------ Information shown ------
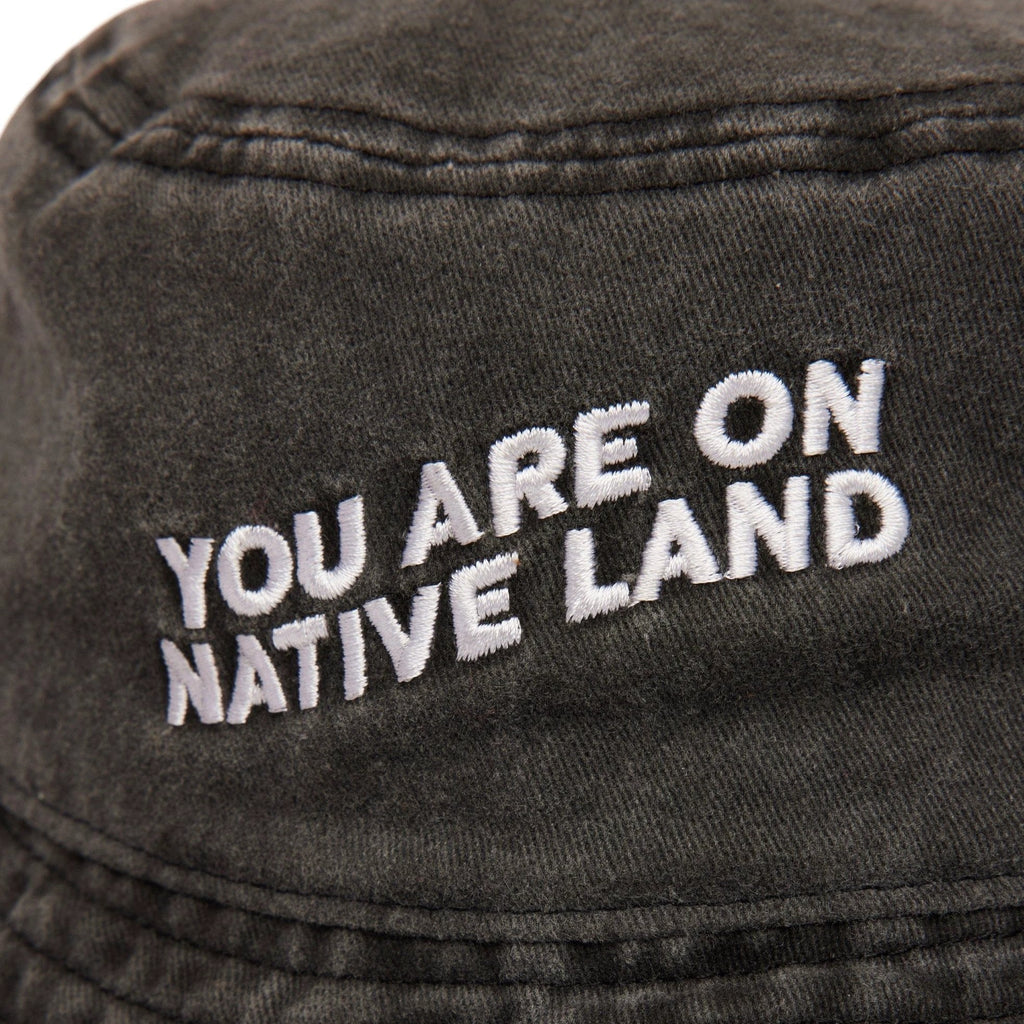 'YOU ARE ON NATIVE LAND' BUCKET HAT by Urban Native Era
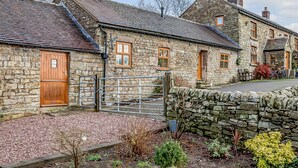 A stone building with a wooden door and a metal gate, surrounded by a stone wall and gravel path. - The Stables at Brambles Farm - Sleeps 2, Wifi (Leek)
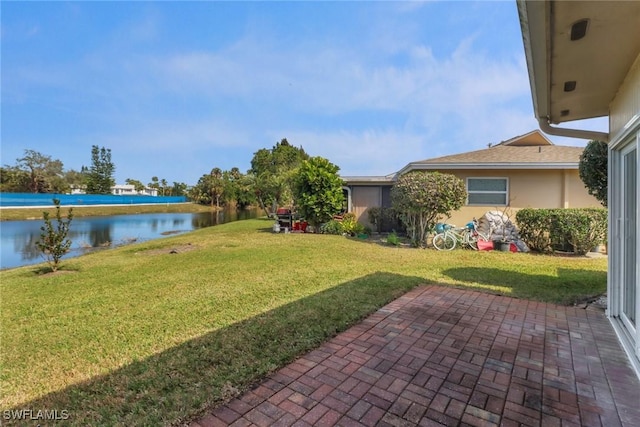 view of yard featuring a patio and a water view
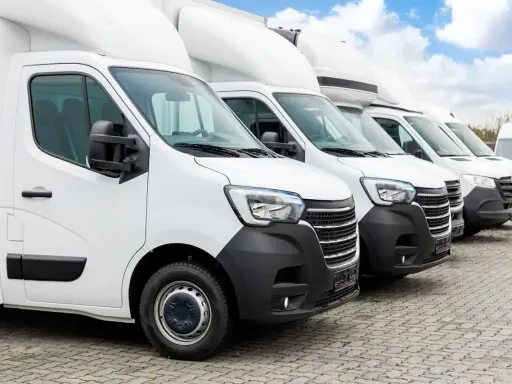 Fila de furgonetas blancas listas para la entrega. El modelo dgt n1 es el primero de la fila, con un diseño moderno y robusto.
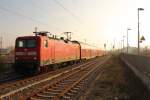 Die Sonne kämpft sich durch den Nebel, während der RE 18510 mit der Zuglok 112 123 in den Bahnhof Oranienburg einfährt, so am 27.11.2014 gesehen.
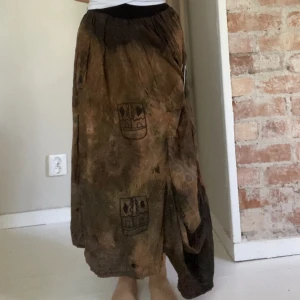 Långkjol - Cool, veckad långkjol! Köpt på loppis, vet inte märket. Kommer med en stor säkerhetsnål man kan sätta som man önskar för att styla den lite på olika sätt. Resår i midjan men den är lite slapp, men sitter ändå bra! Står ingen storlek men skulle säga M/L. 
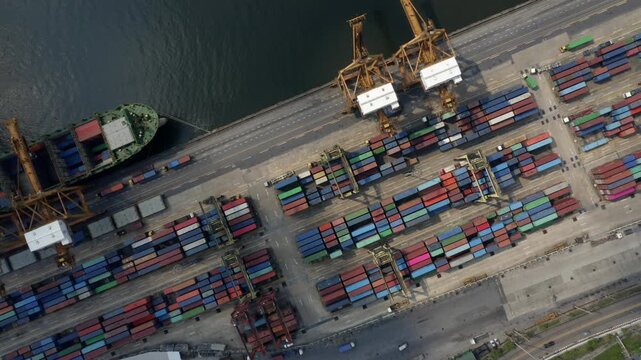 A dynamic aerial time-lapse of a bustling port, where cranes load massive container ships under a dramatic, time-compressed sky.

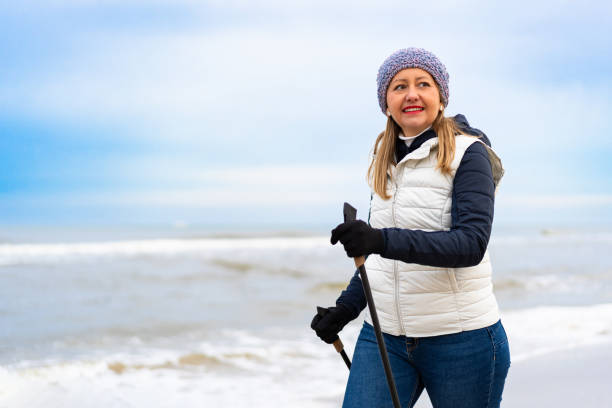 Mature woman exercising Nordic walking on beach. Winter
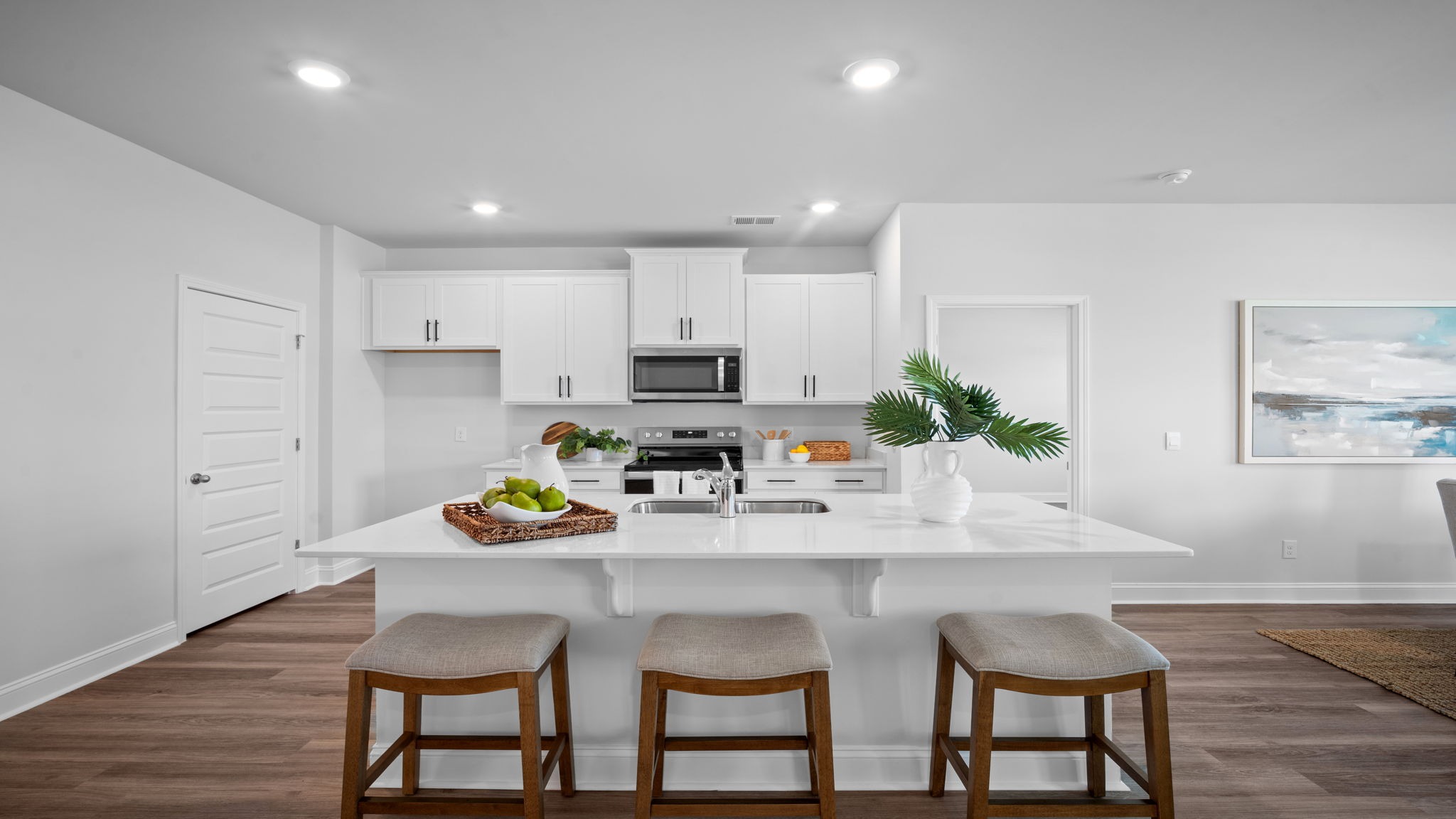 Kitchen with an oven range and a stainless dishwasher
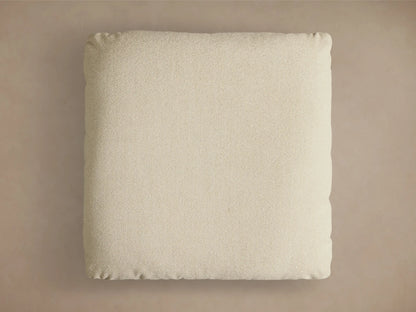 Close-up of the beige textured cushion, silver cylindrical support, and round brushed metal base of the Deacon Ottoman.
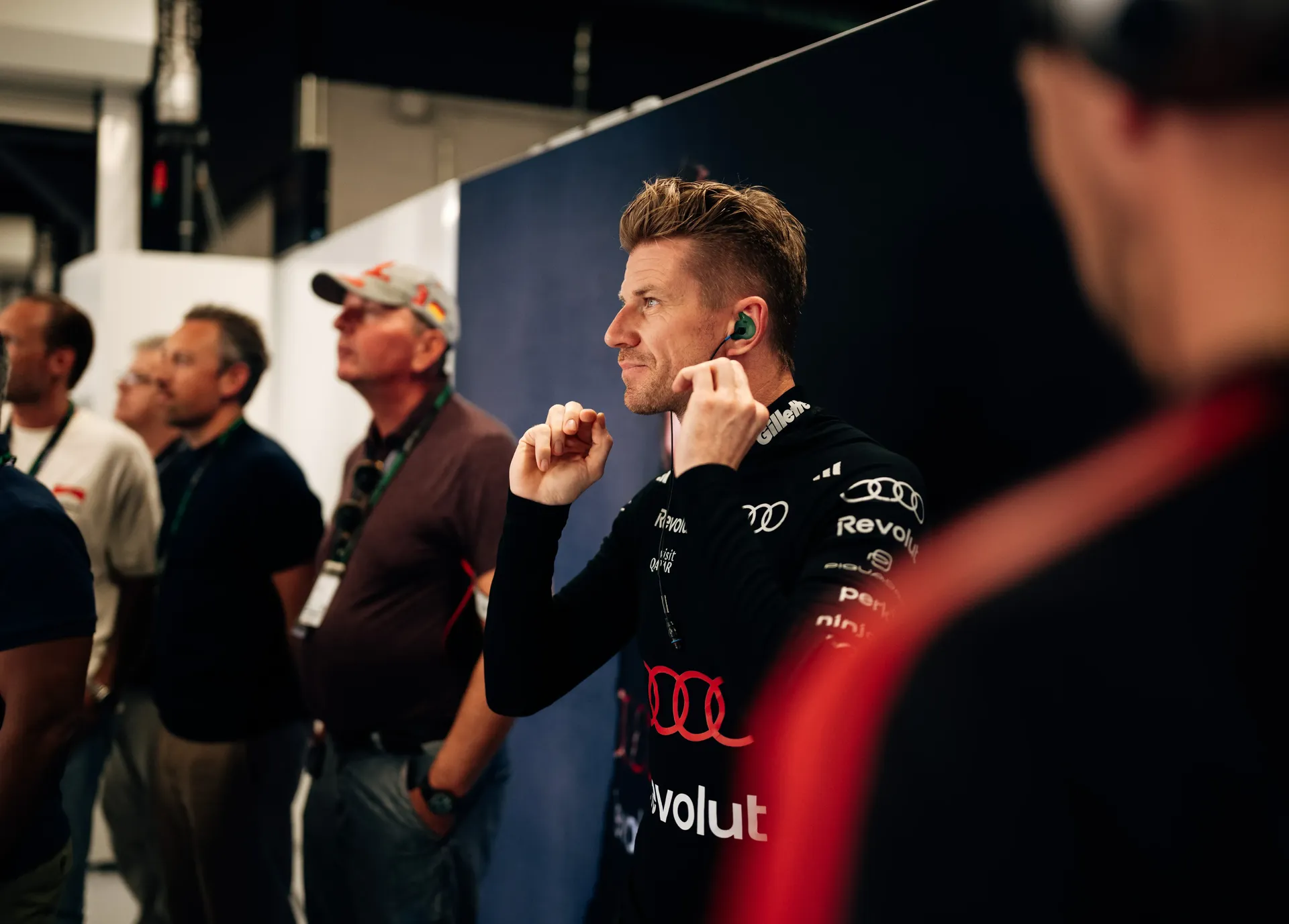 Nico Hulkenberg adjusting his earpiece while standing in the garage, with team members watching track action in the background.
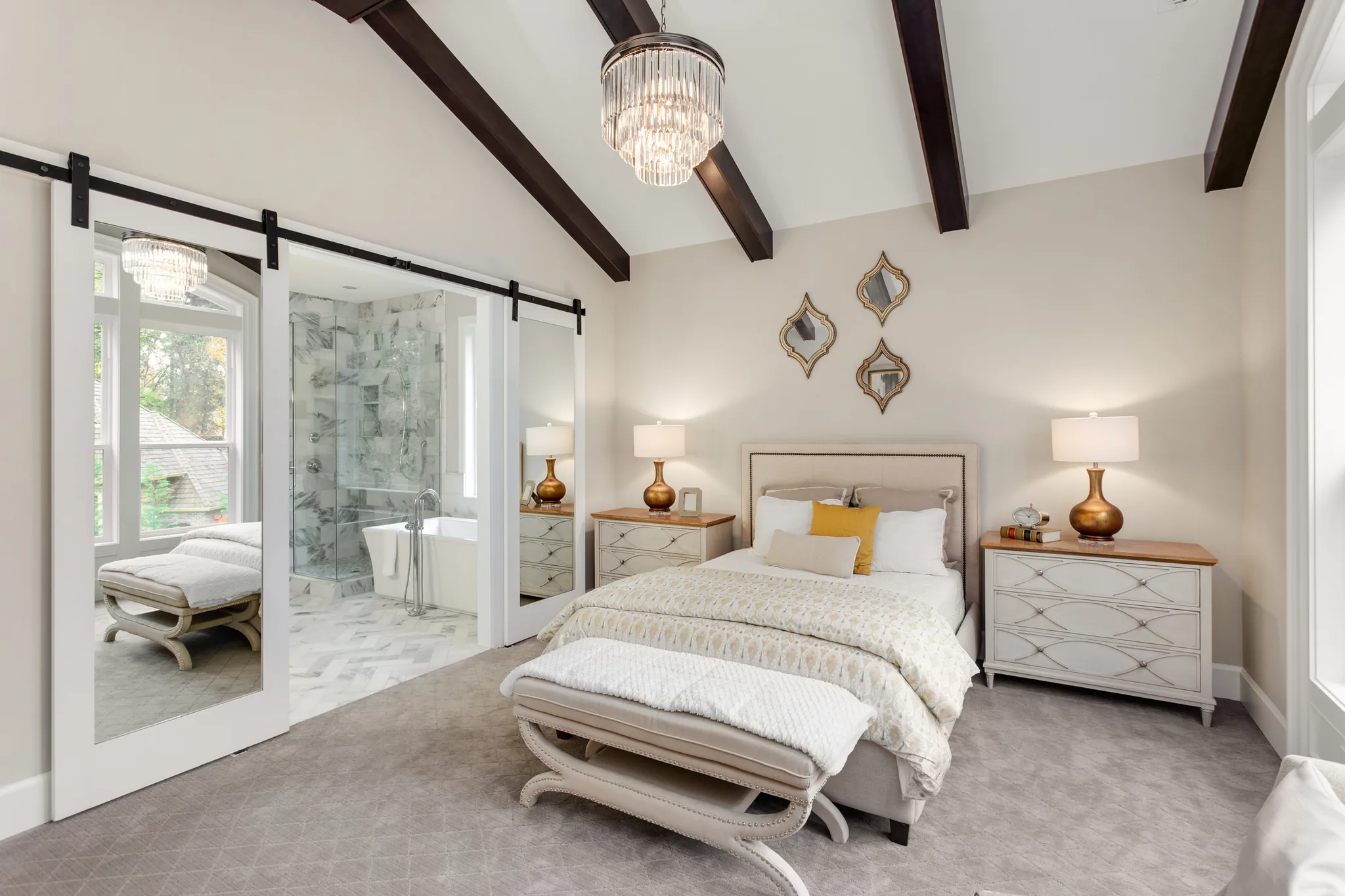 Luxury basement master suite with barn doors and vaulted ceiling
------
## What is being asked
Pictures stay out. Print the lines of the records above exactly, from the first through the one with "view of yard".

## Completed exercise
 'YOU ARE ON NATIVE LAND' BUCKET HAT by Urban Native Era
 A stone building with a wooden door and a metal gate, surrounded by a stone wall and gravel path. - The Stables at Brambles Farm - Sleeps 2, Wifi (Leek)
 view of yard featuring a patio and a water view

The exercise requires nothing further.